Yes, clearly a low-magic approach to building a Vampire Counts army isn't _optimal_ - let's get that out of the way right now. But as an academic exercise, let's pretend there are some gamers out there that still like the idea of the Blood Dragons. Are they up shit creek, or could there be something to it?

Of course, low magic is relative. An army with three Vampires and a Lord, without upgrades, would be throwing around a respectable 7 PD and 6 DD. Still, that's nothing compared to the version of the same with 14 PD, 7 DD, +1 to Dispel rolls, and the ability to float one of their magic die from one pool to the other. And the bound spells. Oh gods, the _bound spells_...

But I digress. What I want to know is, who's seen this done (or better still, done it themselves)? And how did it work?


----------



## MaidenManiac (Oct 2, 2008)

It is a bit tricky to get going, but it can be done.

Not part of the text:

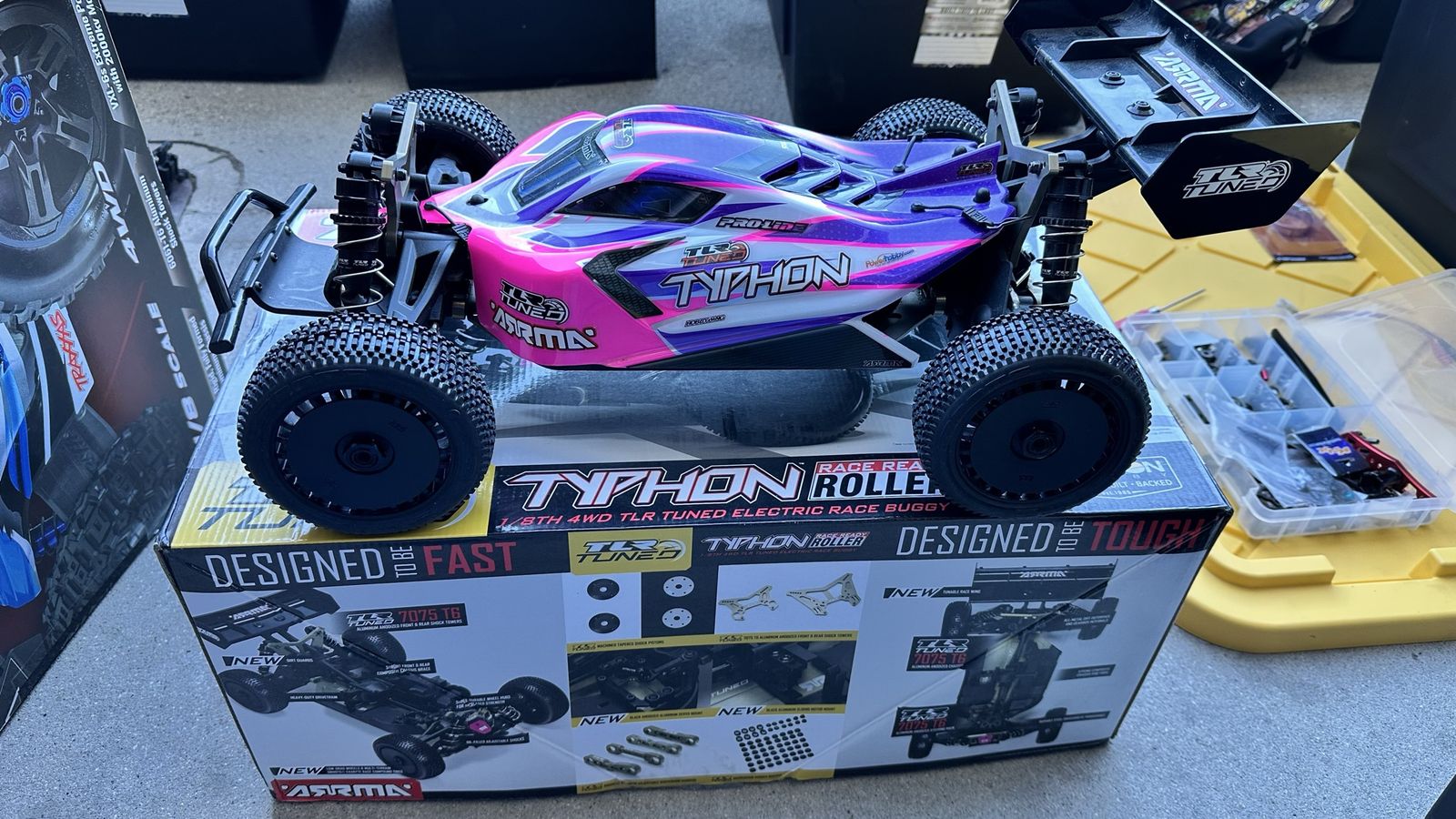 Arrma Typhon 1/8 Brushless 6S TLR Roller Like New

Basically youre best shot is by making a Lord of charging death on a Abyssal Terror w Dreadlance, Wristbands of Black Gold, Red Fury, Walking Death and probably Dread Knight. You can put him on a Zombie Dragon too ofc but that leaves you with 1 less hero which aint too hot.

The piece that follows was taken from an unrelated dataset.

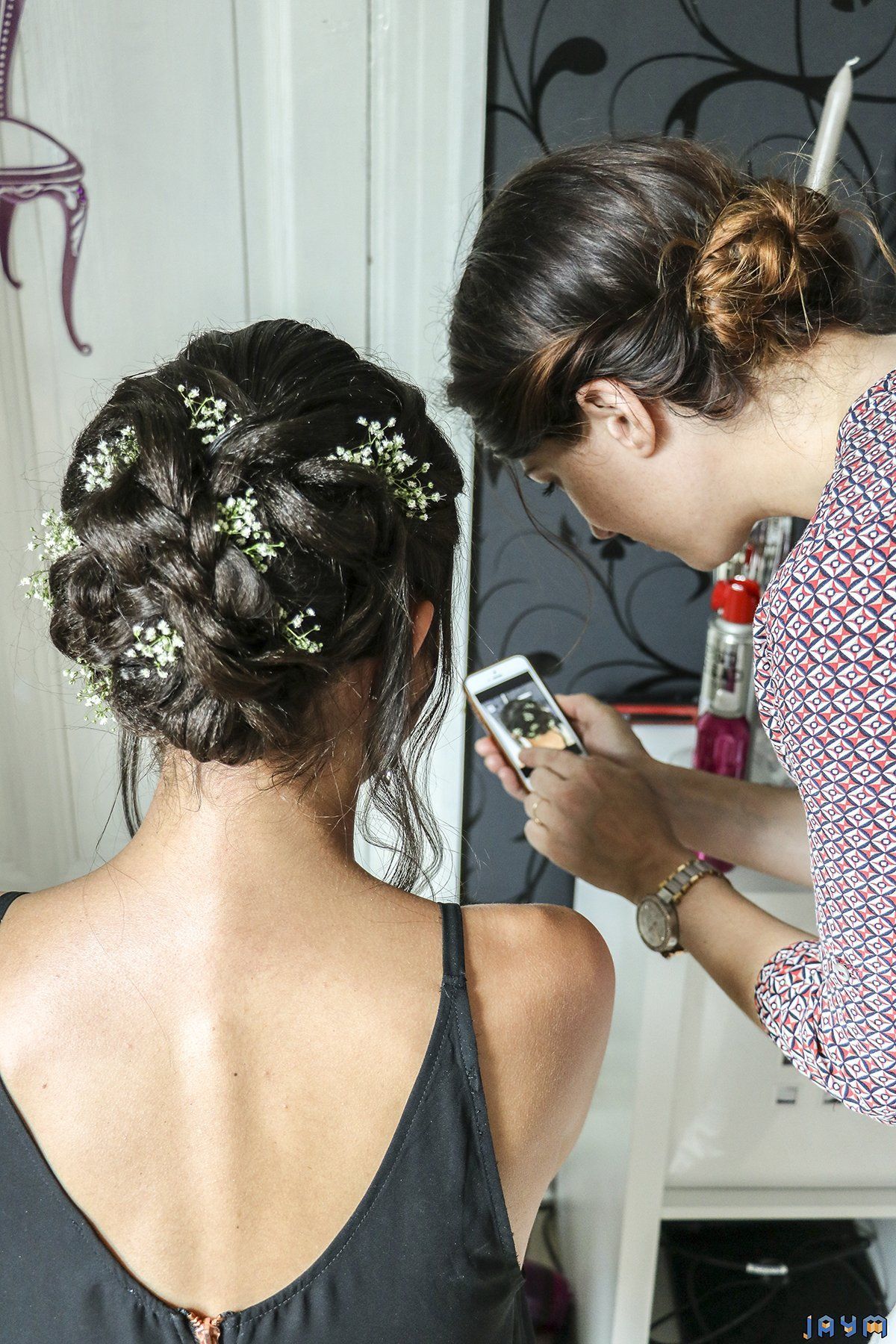 Vérification de la parfaite réalisation du chignon par la coiffeuse maude à Aulnat.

Then its all about Heavy Cav going for the Killkill. Id most likely have 2 units of Blood Knights w a hero in each and a 3d one somewhere where it feels right. Minimal Core Units (3x10 whatnots) and Fell Bats and Dire Wolves to cover up the rest. I would sneak in the Book of Arkhan somewhere because its simply damn good.
Perhaps try the Lycani hero version too, keep this guy in a snaking Dire Wolf unit. Vampire w GW, Talisman of the Lycani, Gem of Blood, Eternal Hatred and Walking Death. These guys should flank stuff and hopefully break them with your quite likely 5 CR vs max 2 


Subtlety is completely out the window if you go for this kind of idea. You basically play WoC with Vampires instead of Chaos Warriors, and it aint that bad, not at all. It completely lacks all kind of classical VC resistance though. Your core units wont do shit since they wont get the magical support that they desperately need to be even remotely useful, you can always hope they survive to claim/contest a quarter at least. 
It might very well back backfire massively against defensive shooting armies, but against other combat armies it might be extremely effective :wink:


----------



## Orochi (Jan 28, 2009)

I've done it.

5 Bloodknights, Banner of Blood keep. Castellan with Sword of might.
Led by
Vampire Lord. Red fury, Dreadknight, Immortal Hunger (the re-roll to miss one), Blood drinker and Walach's bloody Hauberk.

The Vampire lord will kill alot of things, thus sustaining the Bloodknights. Who hit at a whopping Str7 on the charge. Castellan has 4 Str6 attacks for challenges That don't interest/benefit the lord.

Back them up with Dire wolves/fell bats to keep them screened/flanks protected.

Black knights to aid them/attack weaker units.

There isn't many units that can have Bloodknights crash into them.


----------



## LukeValantine (Dec 2, 2008)

Low magic VC is vary possible just take really hard hitting units like banshees, and grave guard lead by the oh so incredibly under priced wight lord. Then throw in a unit of black knights (or if you enemy doesn't spam artillery, blood knights.), and you have yourself a respectable army that can win without throwing out 10+ magic dice.


----------



## CoNnZ (Mar 28, 2009)

it could work, perhaps you would need loads of zombies or such as a screen though and have some grave guard behind. Speaking as a long time TK player though you would have to know tonnes about your army and tactics though to make it efficient


----------



## rodmillard (Mar 23, 2010)

My wife generally takes a L3 V Lord with Master Of The Dark Arts, Summon Creatures Of The Night and Forbidden Lore (for Lore of Beasts), and 2 regular L1 vamps tooled for combat. She's still churning out 9 PD / 6 DD per magic phase, but people seem not to mind so much because her uber caster *doesn't* use the lore from the VC book.


----------